## Activity
The listing below should be printed exactly, every line of it. Skip the pictures.
Data START
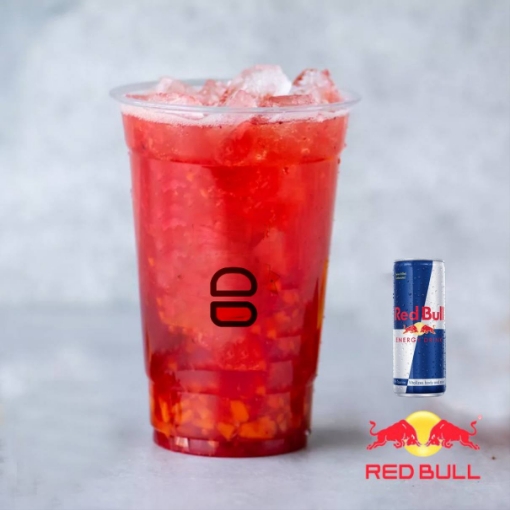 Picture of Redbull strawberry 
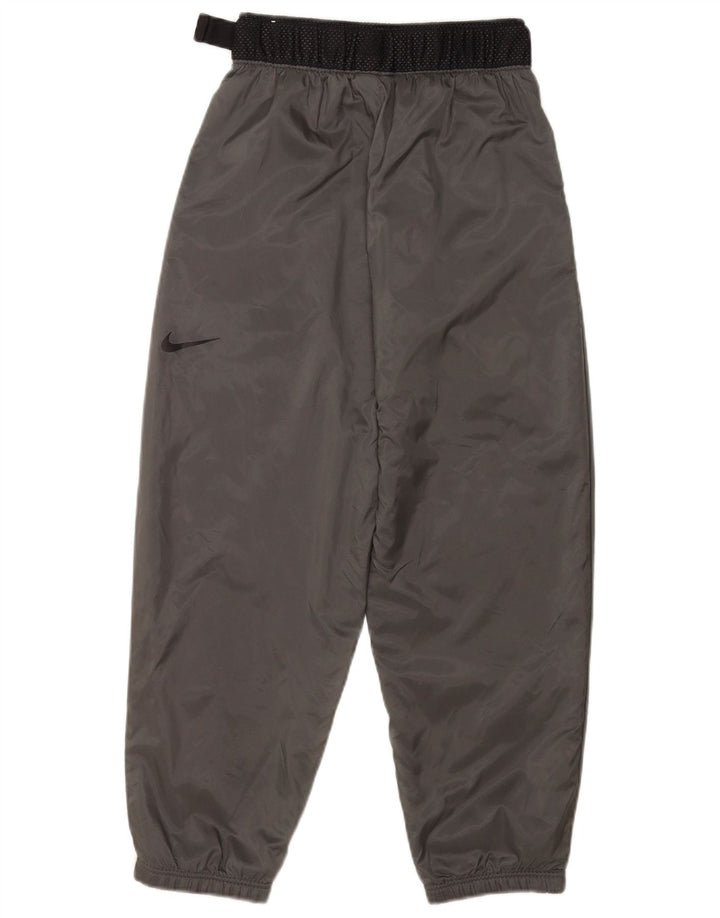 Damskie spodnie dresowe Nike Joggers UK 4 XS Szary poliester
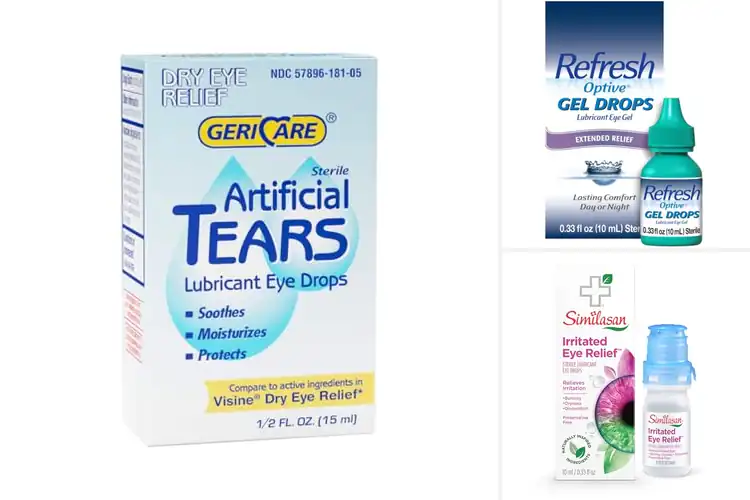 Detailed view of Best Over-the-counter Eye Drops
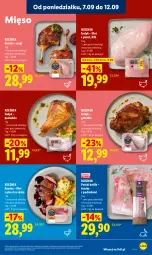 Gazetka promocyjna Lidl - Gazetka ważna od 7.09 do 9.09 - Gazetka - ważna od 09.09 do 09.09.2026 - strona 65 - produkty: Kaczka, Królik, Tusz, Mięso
Data END
## Problem solution
 Picture of Redbull strawberry 
 Damskie spodnie dresowe Nike Joggers UK 4 XS Szary poliester
 Detailed view of Best Over-the-counter Eye Drops
 Gazetka promocyjna Lidl - Gazetka ważna od 7.09 do 9.09 - Gazetka - ważna od 09.09 do 09.09.2026 - strona 65 - produkty: Kaczka, Królik, Tusz, Mięso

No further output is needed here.